WORK INSTRUCTIONS: Using the listing below, print the line containing "Bid Now Propaganda", the line containing "刑法高利转贷罪的认定标准 刑法高利转贷罪的认定标准是", and each line between them, exactly and nothing else. Pictures stay out of the print.

DATA TO PROCESS:
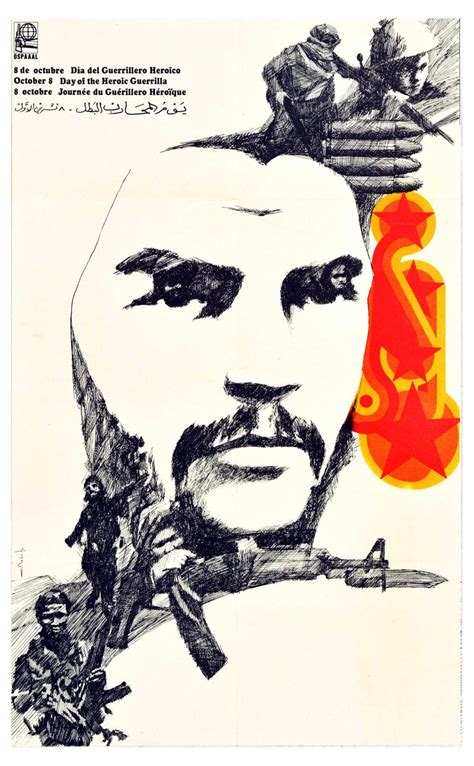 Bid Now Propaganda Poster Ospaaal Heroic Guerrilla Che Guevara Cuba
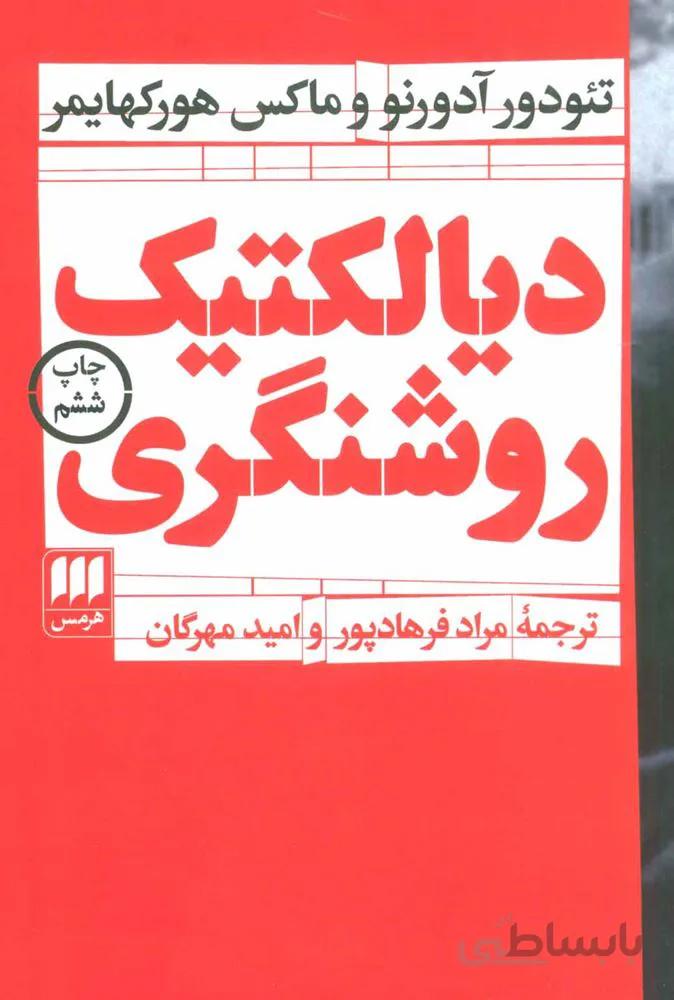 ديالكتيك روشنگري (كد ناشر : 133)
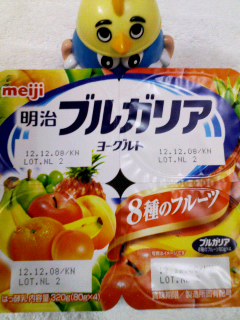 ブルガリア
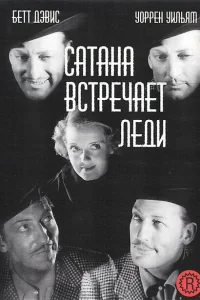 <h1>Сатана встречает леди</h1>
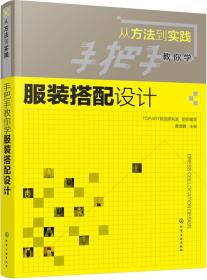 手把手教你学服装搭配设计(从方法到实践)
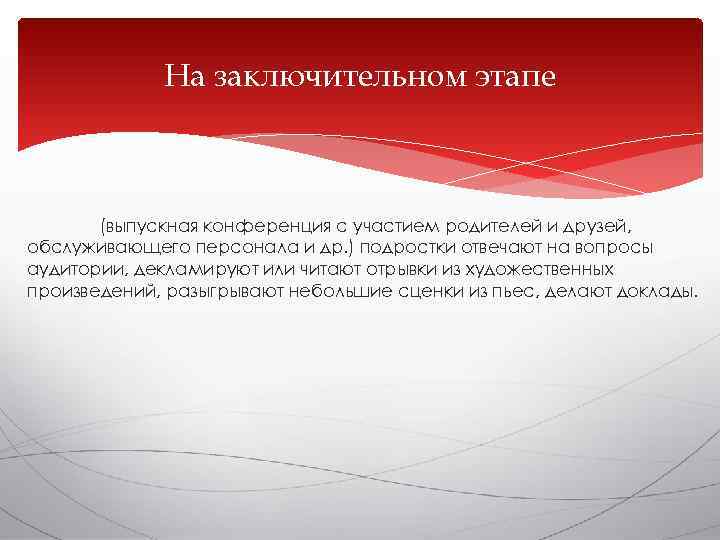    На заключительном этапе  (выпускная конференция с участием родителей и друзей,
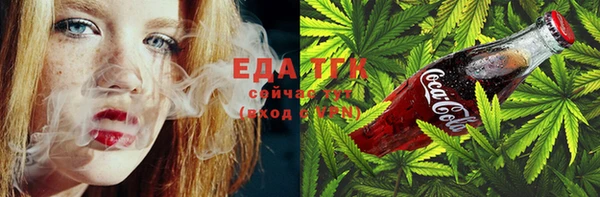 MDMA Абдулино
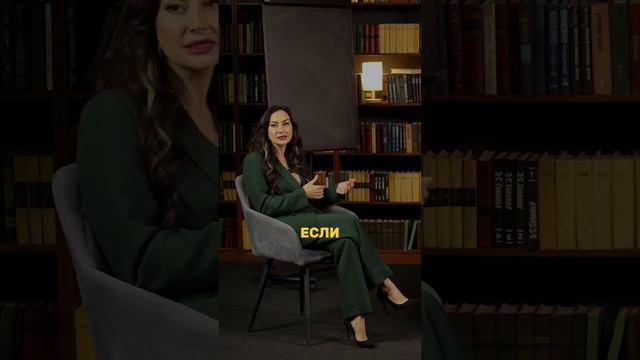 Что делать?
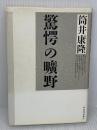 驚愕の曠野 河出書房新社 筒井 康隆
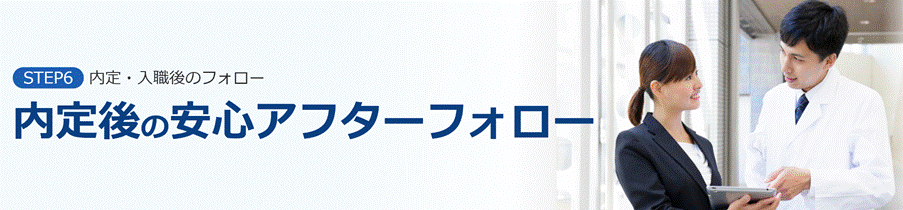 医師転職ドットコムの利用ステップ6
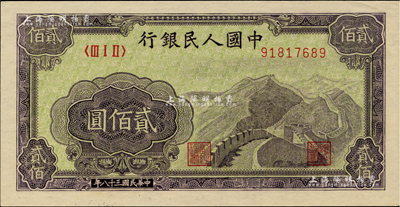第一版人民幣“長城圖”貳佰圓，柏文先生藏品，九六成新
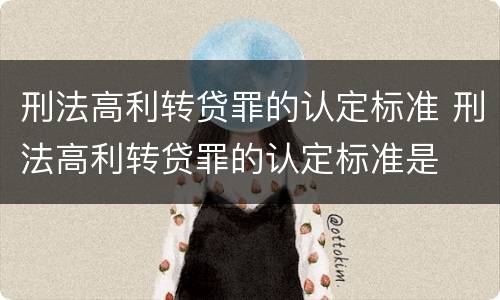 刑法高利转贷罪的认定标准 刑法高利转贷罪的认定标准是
* * *
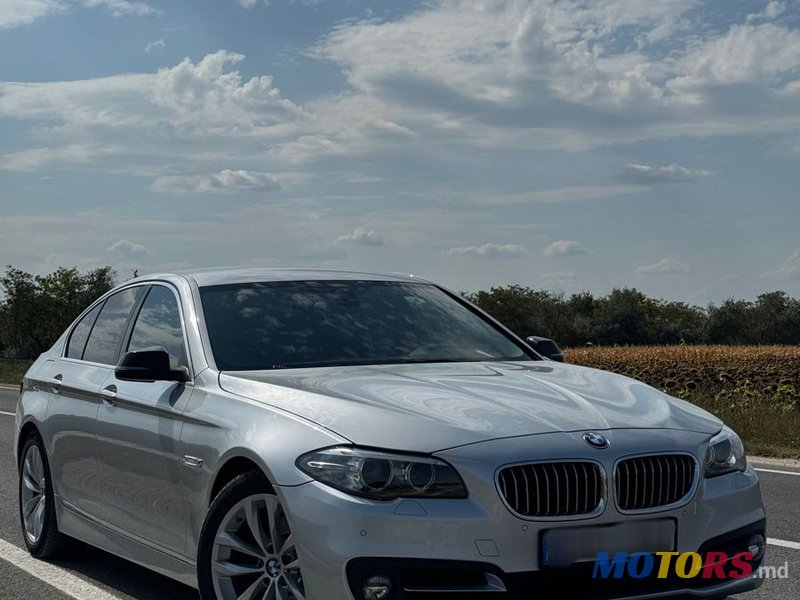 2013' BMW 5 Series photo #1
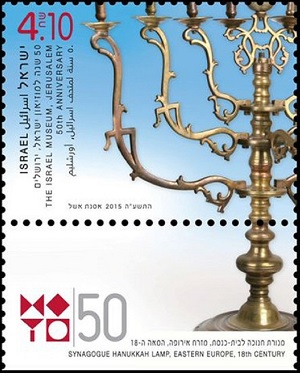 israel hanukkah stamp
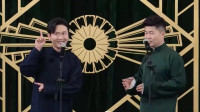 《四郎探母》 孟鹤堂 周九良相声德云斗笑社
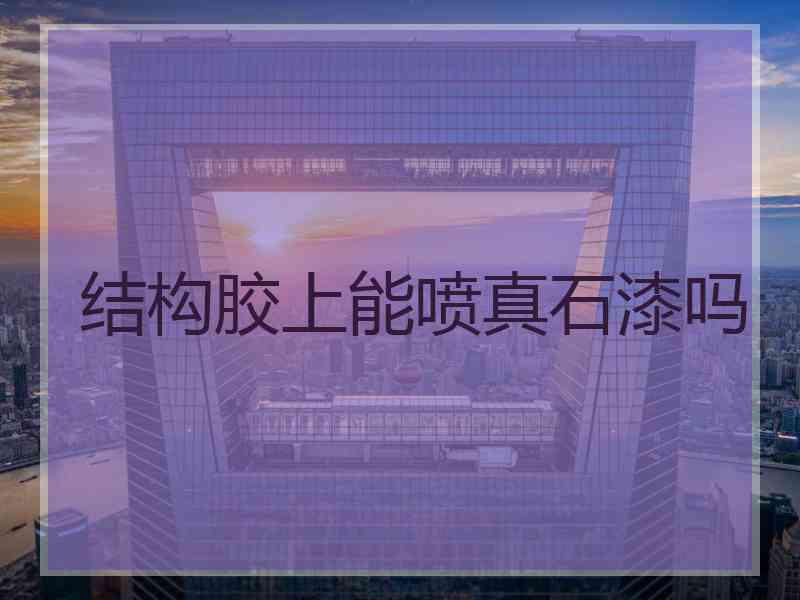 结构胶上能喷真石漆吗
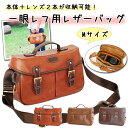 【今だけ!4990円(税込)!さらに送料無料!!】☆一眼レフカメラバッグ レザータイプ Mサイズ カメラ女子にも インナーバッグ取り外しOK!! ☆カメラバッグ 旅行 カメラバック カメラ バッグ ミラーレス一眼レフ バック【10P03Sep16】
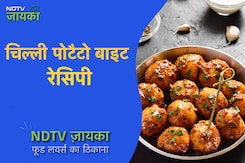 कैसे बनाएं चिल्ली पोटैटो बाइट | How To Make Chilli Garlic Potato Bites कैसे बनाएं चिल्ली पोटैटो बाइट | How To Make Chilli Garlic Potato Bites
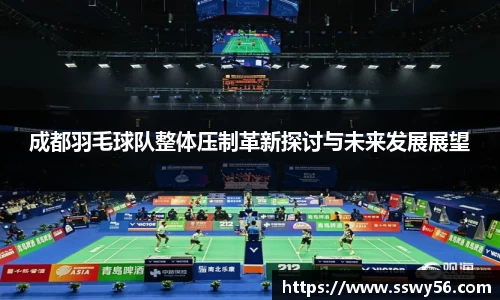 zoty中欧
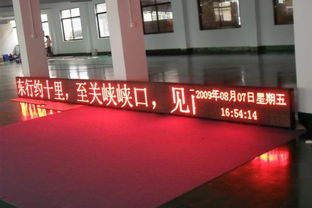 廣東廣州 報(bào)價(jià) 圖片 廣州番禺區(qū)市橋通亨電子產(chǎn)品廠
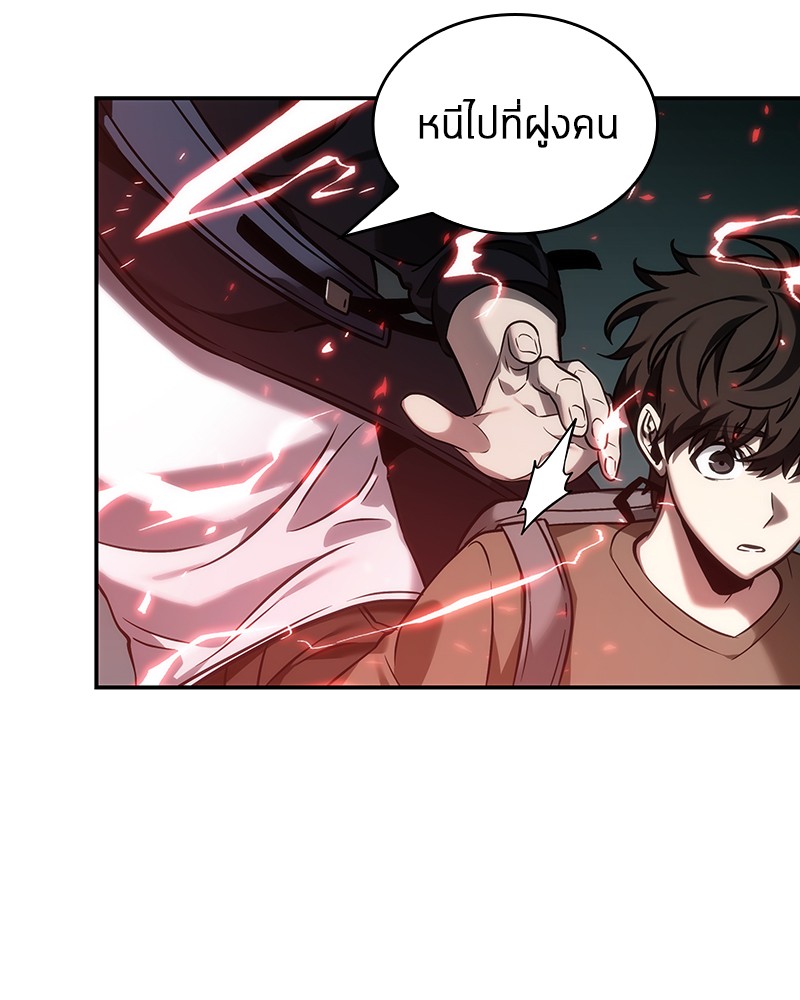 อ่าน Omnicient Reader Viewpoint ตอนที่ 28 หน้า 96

OUTPUT BELOW:
 Bid Now Propaganda Poster Ospaaal Heroic Guerrilla Che Guevara Cuba
 ديالكتيك روشنگري (كد ناشر : 133)
 ブルガリア
 <h1>Сатана встречает леди</h1>
 手把手教你学服装搭配设计(从方法到实践)
    На заключительном этапе  (выпускная конференция с участием родителей и друзей,
 MDMA Абдулино
 Что делать?
 驚愕の曠野 河出書房新社 筒井 康隆
 医師転職ドットコムの利用ステップ6
第一版人民幣“長城圖”貳佰圓，柏文先生藏品，九六成新
 刑法高利转贷罪的认定标准 刑法高利转贷罪的认定标准是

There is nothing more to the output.